--- What is expected ---
A line below contains "Culture and the Individual", and a later one contains "Women's Carhartt Relaxed". Repeat both, with every line between them, exactly.

··· Materials provided

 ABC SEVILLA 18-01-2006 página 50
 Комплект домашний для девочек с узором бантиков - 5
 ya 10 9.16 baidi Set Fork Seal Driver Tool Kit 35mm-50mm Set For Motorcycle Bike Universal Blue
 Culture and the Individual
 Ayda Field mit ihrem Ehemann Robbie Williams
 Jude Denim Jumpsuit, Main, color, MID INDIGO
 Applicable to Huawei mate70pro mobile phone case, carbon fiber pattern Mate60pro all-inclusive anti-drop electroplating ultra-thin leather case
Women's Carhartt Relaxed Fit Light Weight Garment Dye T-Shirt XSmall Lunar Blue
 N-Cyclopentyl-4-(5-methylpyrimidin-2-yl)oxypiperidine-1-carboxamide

······
··· Materials provided

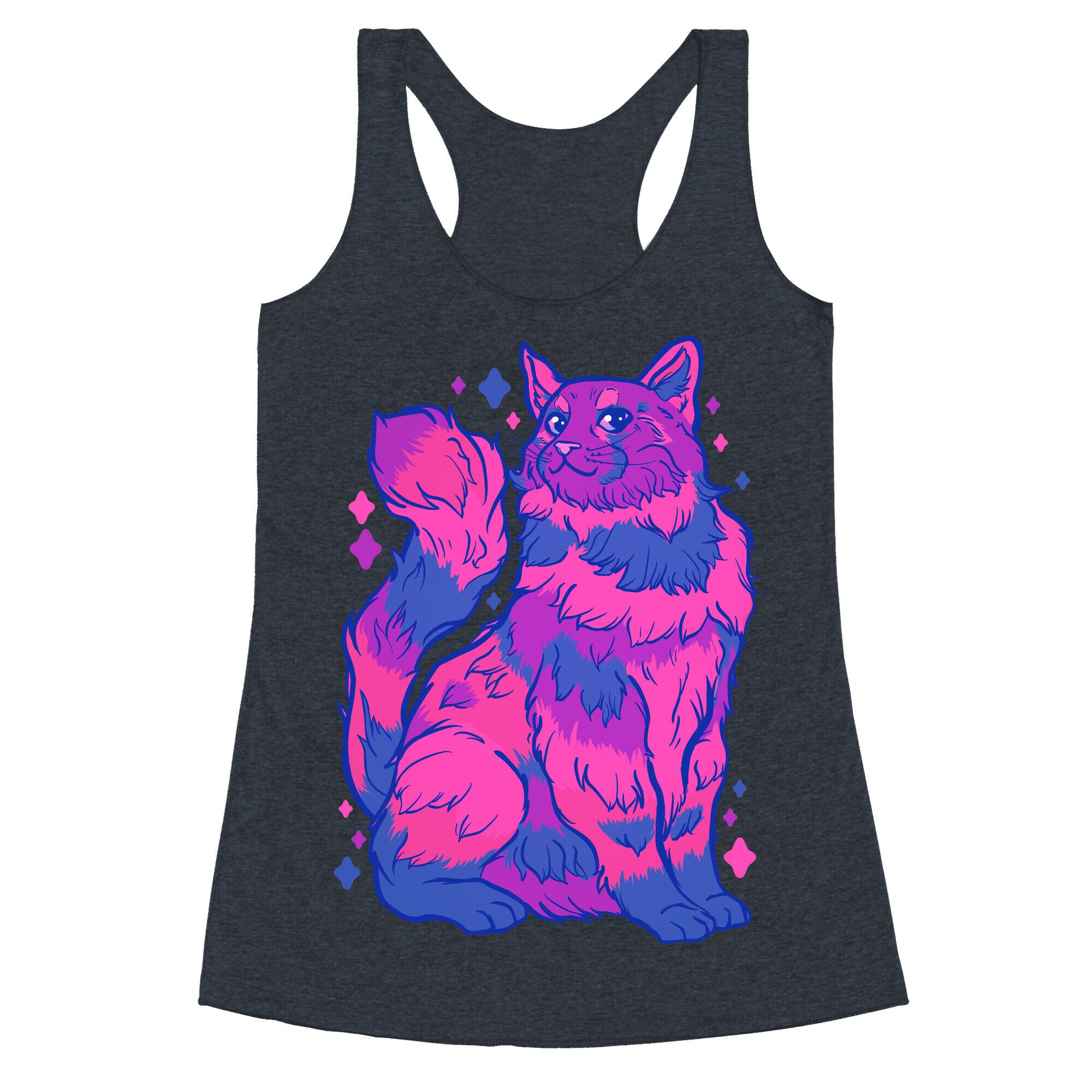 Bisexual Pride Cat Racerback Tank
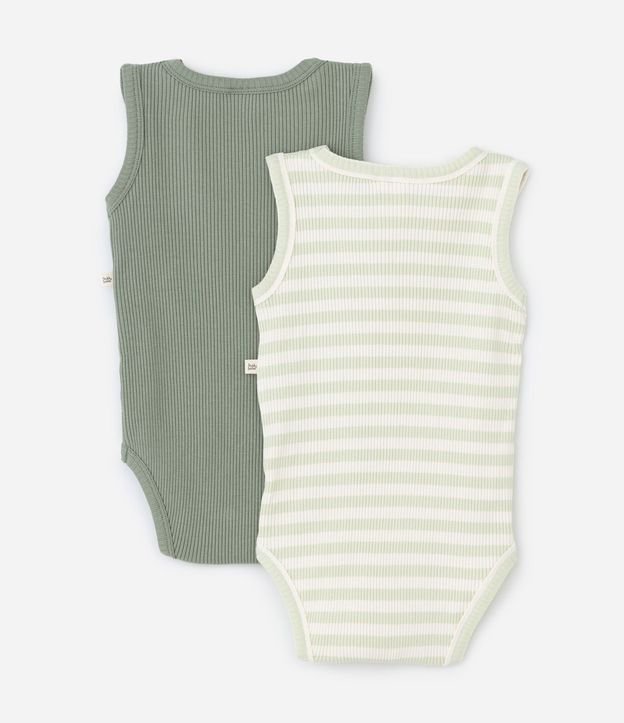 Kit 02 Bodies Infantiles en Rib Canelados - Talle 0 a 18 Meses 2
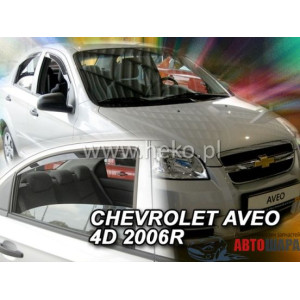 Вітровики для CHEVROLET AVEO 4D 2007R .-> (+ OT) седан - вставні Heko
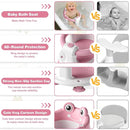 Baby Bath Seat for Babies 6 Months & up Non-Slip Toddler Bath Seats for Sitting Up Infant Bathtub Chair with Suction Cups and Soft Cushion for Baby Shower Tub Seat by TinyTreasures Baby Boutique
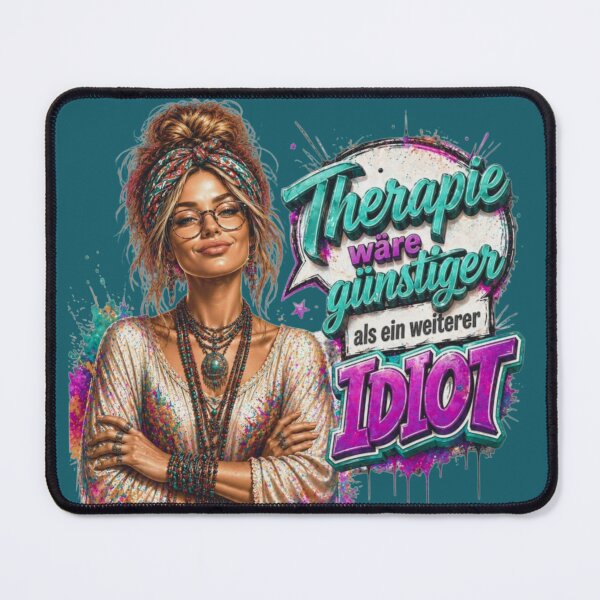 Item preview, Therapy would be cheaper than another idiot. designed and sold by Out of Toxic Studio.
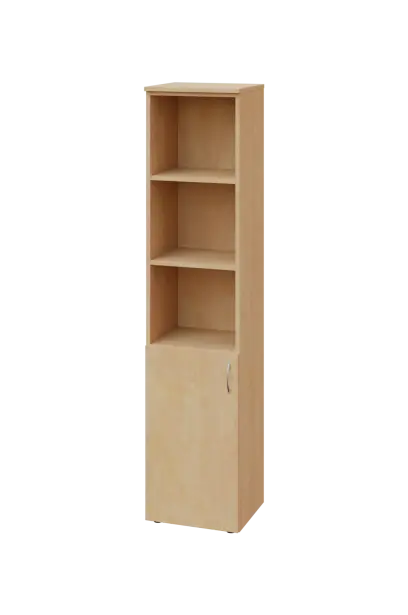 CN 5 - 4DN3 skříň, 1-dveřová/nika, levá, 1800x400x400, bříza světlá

······

--- Expected answer ---
 Culture and the Individual
 Ayda Field mit ihrem Ehemann Robbie Williams
 Jude Denim Jumpsuit, Main, color, MID INDIGO
 Applicable to Huawei mate70pro mobile phone case, carbon fiber pattern Mate60pro all-inclusive anti-drop electroplating ultra-thin leather case
Women's Carhartt Relaxed Fit Light Weight Garment Dye T-Shirt XSmall Lunar Blue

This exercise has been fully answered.